The challenge with using CAE tools is that the response of the structural part is governed by the “local” behavior of the material in the neighborhood of the impacted zone.
For example, for a woven composite armor, several different damage and energy-absorbing mechanisms during ballistic impact have been identified. These include the combination of local and global failure mechanisms:
- Tensile failure of primary tows
- Deformation of secondary tows
- Matrix cracking
- Shear plugging
- Friction during penetration
In other words, the root cause of strength and damage is at a scale that is very difficult to represent within a standard Computer-Aided Design (CAD) model.
In the example below, we used CAE to capture this complex behavior under ballistic load using a sample of a multi-component armor plate. These armors, used on tanks and ships, are made of several dissociated layers, such as aluminum, rubber, and steel. Recently, researchers have started investigating the use of composites as a reinforcing material. Because of the complicated global and local scale interactions within this part, this is a test case for a fully coupled multiscale analysis. In this situation, individual material behavior and interaction between different layers must be captured.

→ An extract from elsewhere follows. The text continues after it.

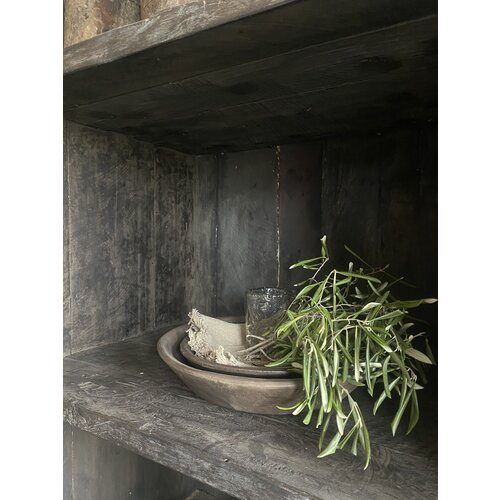 Aura Peeperkorn stenen Java plate 30 cm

We used MultiMech, a commercial FE2 analysis tool, to model two layers of woven composite atop a dense rubber sublayer. As you can see, the local scale weaves are driving the behavior of the global scale composite layers. As damage accumulates locally, the stiffness response of the global scale is updated until it is eventually deleted. Furthermore, the interaction between the rubber sublayer and the composite is accurate, as the rubber starts to yield before the stronger woven composite.
This is a simplified example, but it captures the combination of local and global phenomena. The ability to accurately predict these interactions has vast implications for transportation, both on and off this planet.